L’acheteur méthodique (SJ) :

Les acheteurs méthodiques sont caractérisés par une approche méthodique et analytique dans leur processus d’achat. Ils n’achètent pas s’ils ont l’impression de manquer d’informations. Ils recherchent des informations détaillées, comparent les produits et évaluent soigneusement leurs options avant de prendre une décision. La qualité, la fiabilité et les caractéristiques techniques sont des éléments importants pour eux. Ils peuvent passer des heures à consulter une page de vente et des comparatifs de produits. Même les conditions générales de vente n’y échappent pas. Ces acheteurs veulent des faits et prennent le temps de tous les rassembler avant de décider.

L’acheteur spontané (SP)

Impulsifs, les acheteurs spontanés ne planifient pas leurs décisions d’achat et se fient à leur instinct.

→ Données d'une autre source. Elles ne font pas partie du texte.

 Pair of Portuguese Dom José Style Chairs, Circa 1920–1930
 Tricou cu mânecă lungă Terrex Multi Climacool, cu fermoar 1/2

Ils ne passent pas des heures à étudier un produit ou à lire une page de vente avant de prendre une décision. Ils savent ce qu’ils veulent et quand ils le veulent. Ils sont sensibles aux promotions, aux démonstrations de produits en magasin et à toute forme d’incitation soudaine. Sur une page de vente, ils accordent de l’importance à l’offre, au prix, aux réductions, aux éléments d’urgence ou de rareté ou à la promesse d’une livraison rapide.

L’acheteur humaniste (NF)

Les acheteurs humanistes valorisent les relations humaines et les valeurs éthiques. Ils accordent une importance prépondérante à la responsabilité sociale des entreprises, aux pratiques durables et plus généralement, à toute contribution positive à la communauté. Avant d’effectuer un achat, ils vérifient que les valeurs de l’entreprise sont conformes aux leurs et refuseront d’acheter si ses valeurs sont trop éloignées des leurs. Sur une page de vente, ils accordent leur attention aux histoires, aux témoignages, aux vidéos et aux photos. Ils privilégient les marques qui mettent en avant leurs valeurs humanistes.

L’acheteur compétitif (NT)

Les acheteurs compétitifs détestent perdre du temps. Ils détestent aussi prendre de mauvaises décisions. Motivés par la réussite et la performance, ils recherchent le meilleur. Ils sont sensibles à la réputation de la marque, à la qualité des produits proposés ainsi qu’aux marques de supériorité du produit (récompenses, prix, apparitions dans la presse, etc.). Sur une page de vente, ils scannent les sous-titres, les listes, les tableaux, etc. à la recherche de chiffres, de faits et d’arguments logiques. Les témoignages positifs renforcent leur détermination.

Ces catégories ne sont pas mutuellement exclusives : un individu peut afficher des traits de plusieurs profils selon le contexte et le produit/service concerné.

Comment utiliser les 4 profils d’acheteurs pour adapter les messages publicitaires ?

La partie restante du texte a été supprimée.